That doesn't make the law a success. Photographer: Andrew Harrer/Bloomberg
That doesn't make the law a success. Photographer: Andrew Harrer/Bloomberg

That Gallup poll previewed in a Los Angeles Times story at the end of last month was finally published today. As expected, it finds that the percentage of Americans without insurance has plunged.

As I've said before, be very careful about these polling results. This series shows the percentage of uninsured in the first quarter of 2014 at a little less than 16 percent, a drop of more than 1.5 percentage points from the end of 2013. Yet, earlier last year, Gallup also had an unexplained spike to 18 percent. My best guess is that the 2013 spike was just noise in the polling data. This drop is larger, but I wouldn’t get too attached to Gallup's exact numbers or to the size of the reduction.

Nevertheless, Jonathan Cohn takes us through many indicators that there are more people with health insurance now than there were a year ago. That shouldn’t be much of a surprise (and doesn’t necessarily mean the Affordable Care Act is good policy). The detailed reporting has suggested that most people whose plans were canceled rolled over into new plans, and there’s been no evidence of a large exodus of employers from job-linked insurance. So, yes, more people have insurance now.

Still, that leaves us with quite a few questions before anyone can say Obamacare is working as intended. One remaining big question is what will happen to premiums next year. Some increases would be expected, but will they be above or below longer-term health-care inflation trends? An even bigger question will be health-care inflation beyond exchange premiums. What’s at stake there isn’t just the success or failure of the ACA, but also the long-term federal budget deficit -- which is almost all about health-care inflation.

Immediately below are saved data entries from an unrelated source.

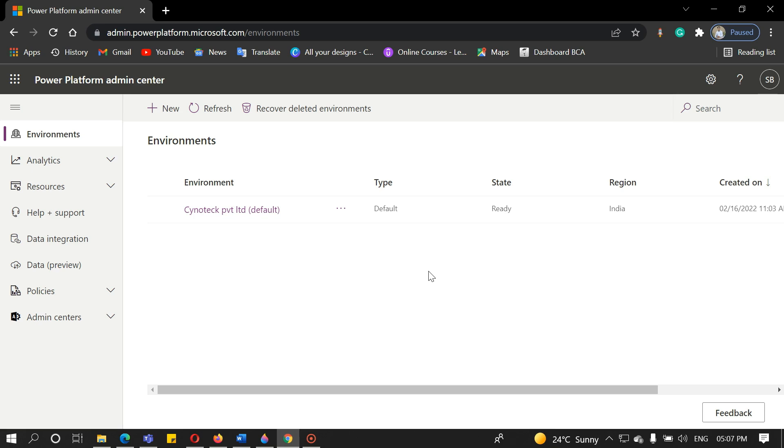Hello everyone, welcome back to our YouTube channel. In the last video, we saw how to create a trial in Dynamics 365. Today, we will create an environment inside our trial and see the modules in Dynamics 365 and how to add them to the environment.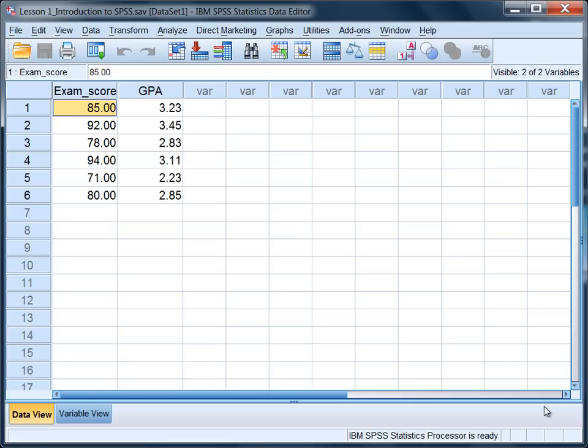In this tutorial we'll take a look at how to obtain the mean and standard deviation on two variables using the frequencies procedure in SPSS.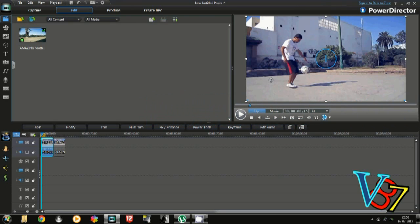Hey guys, today we are going to learn how to give a slow motion effect to a video in PowerDirector 10, Cyberlink PowerDirector 10.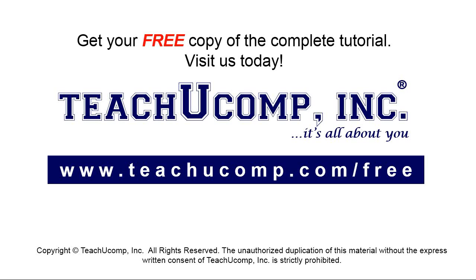Get your free copy of the complete tutorial at www.teachyoucomp.com forward slash free.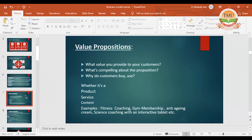When we talk of value propositions, we have to decide what makes ours unique. If you are starting a fitness coaching or gym membership, what value are you providing and how is it different from your competitor? If you are providing cosmetics, how is your value different from others? If you are providing science coaching, are you delivering it only offline or through an interactive tablet? This is how you try to make your value proposition very different and unique.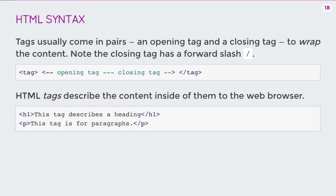The way we use these angle brackets and slashes is to create what we call tags. So an HTML tag, first of all, it'll come in pairs. So there will be usually an opening tag and a closing tag. And then you put content between these two tags.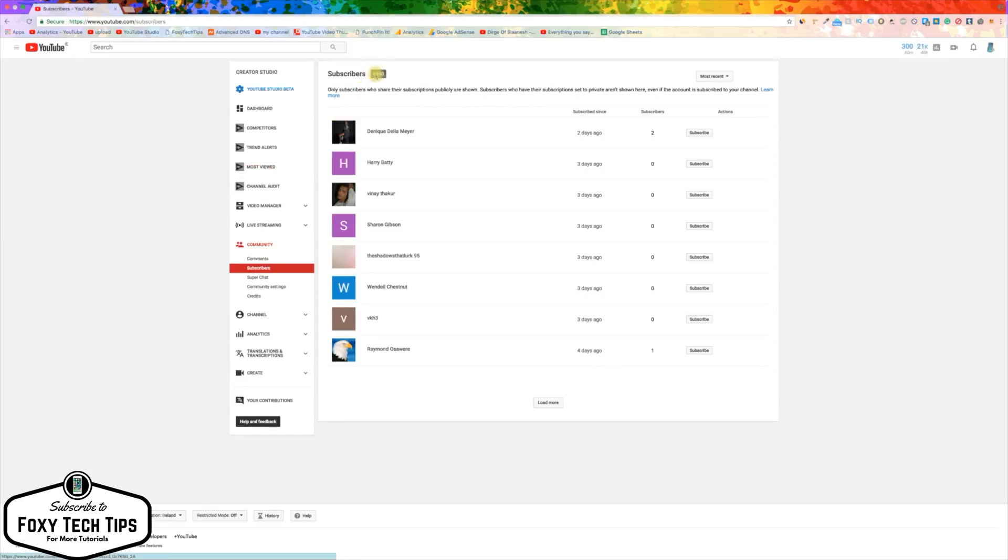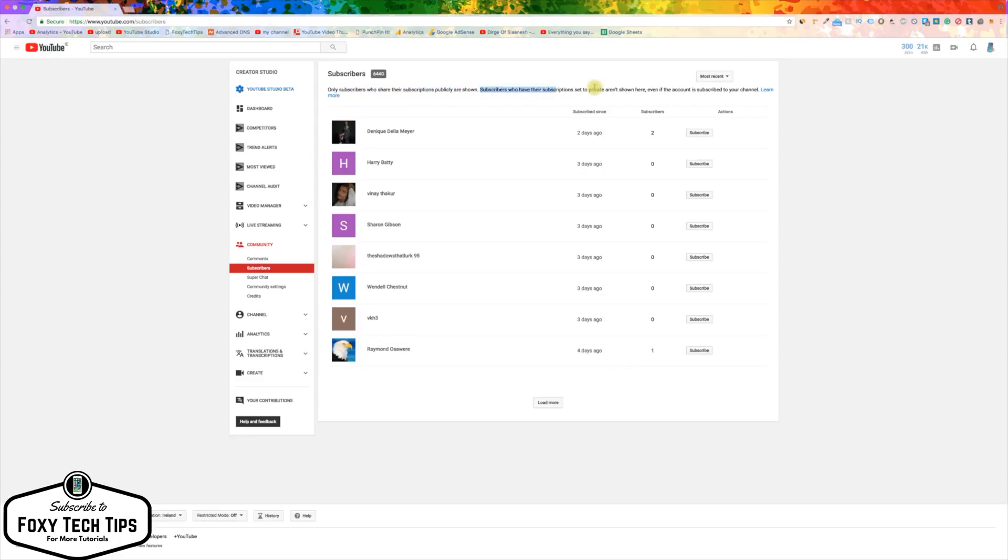Here on the Subscribers page you can see a list of who is subscribed to your channel. However, note that only subscribers who share their subscriptions publicly are shown. Subscribers who have their subscriptions set to private aren't shown here, even if the account is subscribed to your channel.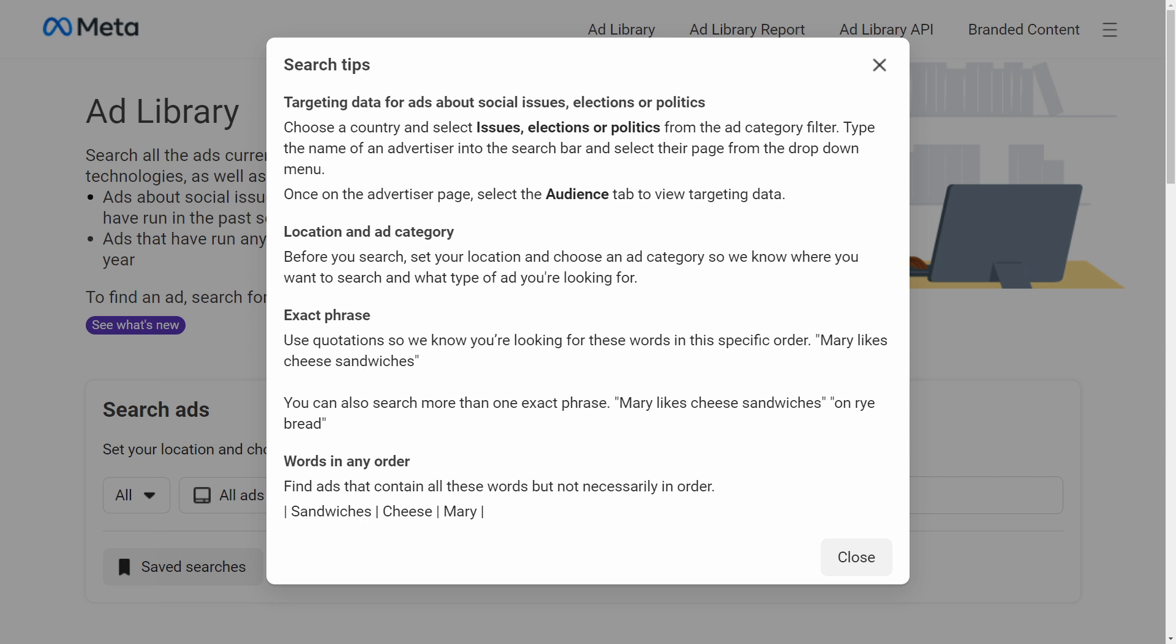You can also use an exact phrase, and you would do so by using quotations, and this will give you results where the words are in that exact same order. For example, "Mary likes cheese sandwiches." You can also search for more than one exact phrase: "Mary likes cheese sandwiches" "on rye bread." And then in this case, you would have both of these phrases in quotations.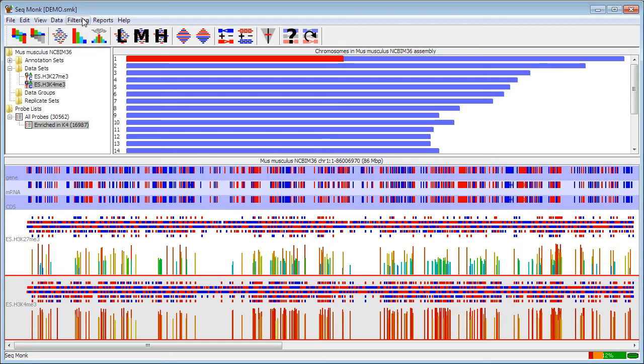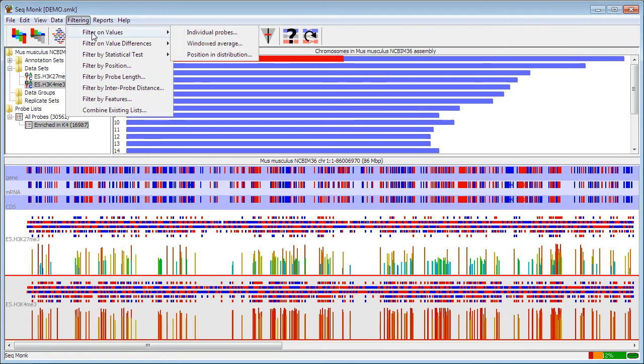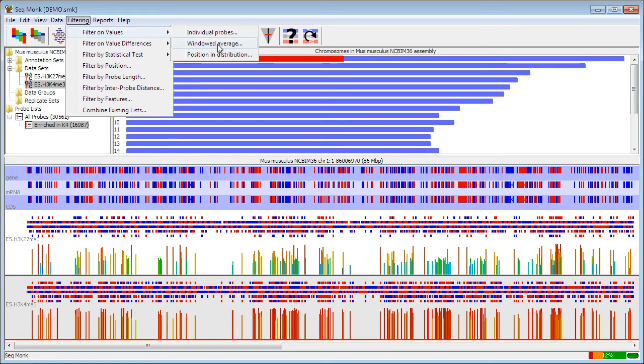To go through the other options that you have in the filtering menu here, the simplest kind of filter is to filter just on the values that you have. This applies to the currently quantitated values, and it's perfectly possible to re-quantitate your data in several ways whilst preserving your current list of probes. The simplest one of these is to filter on individual probe values, so that's filtering every probe independently from every other one. You can also choose to filter over a window where you specify a larger region, and the value will be averaged over that window, and the set of probes within that window will pass or fail as a whole.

Greg Sargent emphasizes that Republicans now must deal with the plain fact that plenty of previously uninsured people now have insurance thanks to Obamacare. Perhaps, but that raises questions, too. This is my favorite: How many of those in the exchanges, in expanded Medicaid, and newly eligible for their parents’ insurance plans are aware that they are covered by Obamacare? I’ve consistently guessed that a large number of people wouldn't make the connection, but we still have no data. The other question is how many of those people are happy with their new insurance. We don’t know (just as we don’t know how many of those with canceled insurance policies liked their insurance).

I see no reason to change my longstanding guess about the political effects if the ACA works as expected: Few voters will seek to reward Democrats no matter how successful the law turns out to be, but it will become increasingly difficult for Republicans to take away new benefits.

But in terms of the policy, the only thing we’re really learning now is that claims that the law would collapse or that it was a flat-out failure are almost certainly wrong. We still have a long way to go before knowing anything else.